Guardò la donna in terra, la gonna sollevata a mostrare quasi tutta la coscia destra, la camicetta spostata a mostrare uno spicchio di reggiseno nero. – Fallo papà! – gli dicevano le bambine – Fallo ora! – e poteva sentire i loro pensieri come serpi velenose nella sua testa, mentre si accucciava e appoggiava una mano sul seno sinistro della donna. Ridevano le bambine, come scimmie ridevano.
No! andò alla poltrona, prese il cuscino e tornò dalla donna. Tuo figlio ha ucciso le mie bambine. È colpa di tuo figlio se ora le mie bambine sono così! Pensò mentre si accucciava, poi appoggiò il cuscino sulla faccia della donna. Reagì dopo pochi secondi, cominciò a sbattere le braccia e le gambe sul pavimento, tentando inutilmente di alzarsi. Gli graffiò il viso, gli graffiò le braccia.
Questo è l’inferno! Pensò Luke Chambers mentre soffocava Carole Danner, assaporando ogni istante della sua dannazione, fino a che, dopo un tempo infinito, Carole Danner giacque immobile. Tenne il cuscino su quella faccia ancora per un po’, giusto per sicurezza, mentre il sudore gli gocciolava dalla fronte e formava cerchi scuri sulla stoffa blu.

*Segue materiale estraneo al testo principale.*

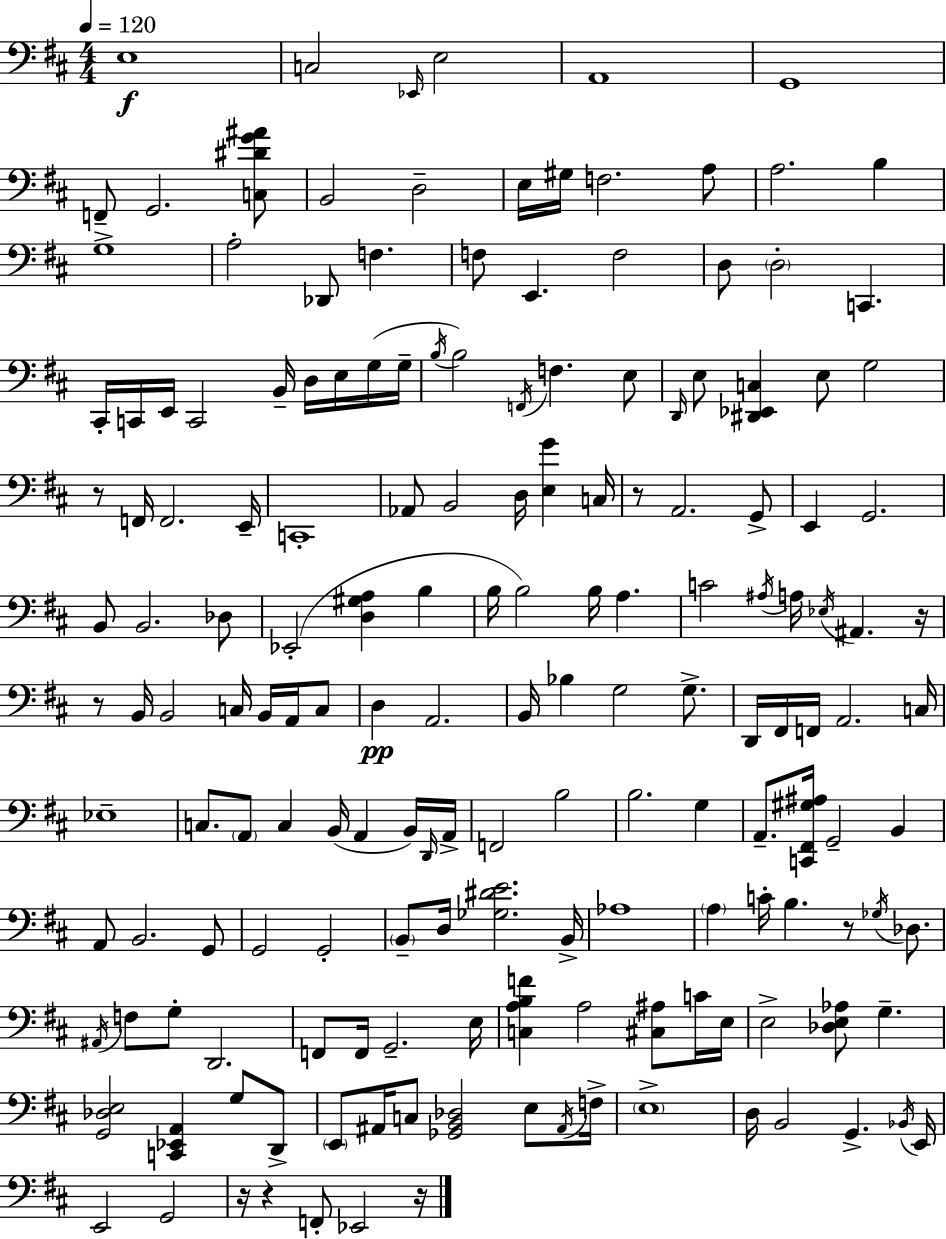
X:1
T:Untitled
M:4/4
L:1/4
K:D
E,4 C,2 _E,,/4 E,2 A,,4 G,,4 F,,/2 G,,2 [C,^DG^A]/2 B,,2 D,2 E,/4 ^G,/4 F,2 A,/2 A,2 B, G,4 A,2 _D,,/2 F, F,/2 E,, F,2 D,/2 D,2 C,, ^C,,/4 C,,/4 E,,/4 C,,2 B,,/4 D,/4 E,/4 G,/4 G,/4 B,/4 B,2 F,,/4 F, E,/2 D,,/4 E,/2 [^D,,_E,,C,] E,/2 G,2 z/2 F,,/4 F,,2 E,,/4 C,,4 _A,,/2 B,,2 D,/4 [E,G] C,/4 z/2 A,,2 G,,/2 E,, G,,2 B,,/2 B,,2 _D,/2 _E,,2 [D,^G,A,] B, B,/4 B,2 B,/4 A, C2 ^A,/4 A,/4 _E,/4 ^A,, z/4 z/2 B,,/4 B,,2 C,/4 B,,/4 A,,/4 C,/2 D, A,,2 B,,/4 _B, G,2 G,/2 D,,/4 ^F,,/4 F,,/4 A,,2 C,/4 _E,4 C,/2 A,,/2 C, B,,/4 A,, B,,/4 D,,/4 A,,/4 F,,2 B,2 B,2 G, A,,/2 [C,,^F,,^G,^A,]/4 G,,2 B,, A,,/2 B,,2 G,,/2 G,,2 G,,2 B,,/2 D,/4 [_G,^DE]2 B,,/4 _A,4 A, C/4 B, z/2 _G,/4 _D,/2 ^A,,/4 F,/2 G,/2 D,,2 F,,/2 F,,/4 G,,2 E,/4 [C,A,B,F] A,2 [^C,^A,]/2 C/4 E,/4 E,2 [_D,E,_A,]/2 G, [G,,_D,E,]2 [C,,_E,,A,,] G,/2 D,,/2 E,,/2 ^A,,/4 C,/2 [_G,,B,,_D,]2 E,/2 ^A,,/4 F,/4 E,4 D,/4 B,,2 G,, _B,,/4 E,,/4 E,,2 G,,2 z/4 z F,,/2 _E,,2 z/4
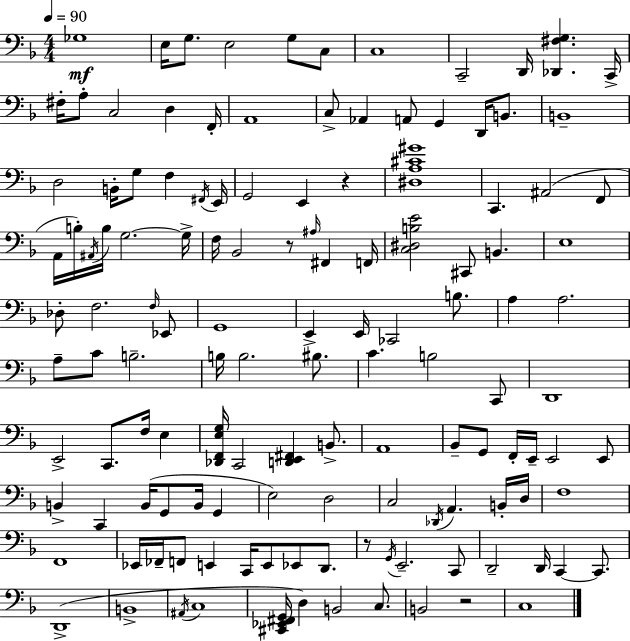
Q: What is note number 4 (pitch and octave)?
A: E3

Si alzò e andò da Bowers. Era seduto adesso, le palle ancora strette in mano. – L’hai presa? – gli chiese, lo sguardo ancora da gorilla infoiato.
- Questo è l’inferno, Bowers, lo sai? –
- Cosa? – chiese quell’essere ottuso facendo una O perfetta con la bocca, poi Chambers afferrò l’urna di metallo e gliela sbatté sulla tempia sinistra con tutta la sua forza. – Ho detto che questo è l’inferno. – ripeté e continuò a colpirlo fino a che Bowers smise di muoversi.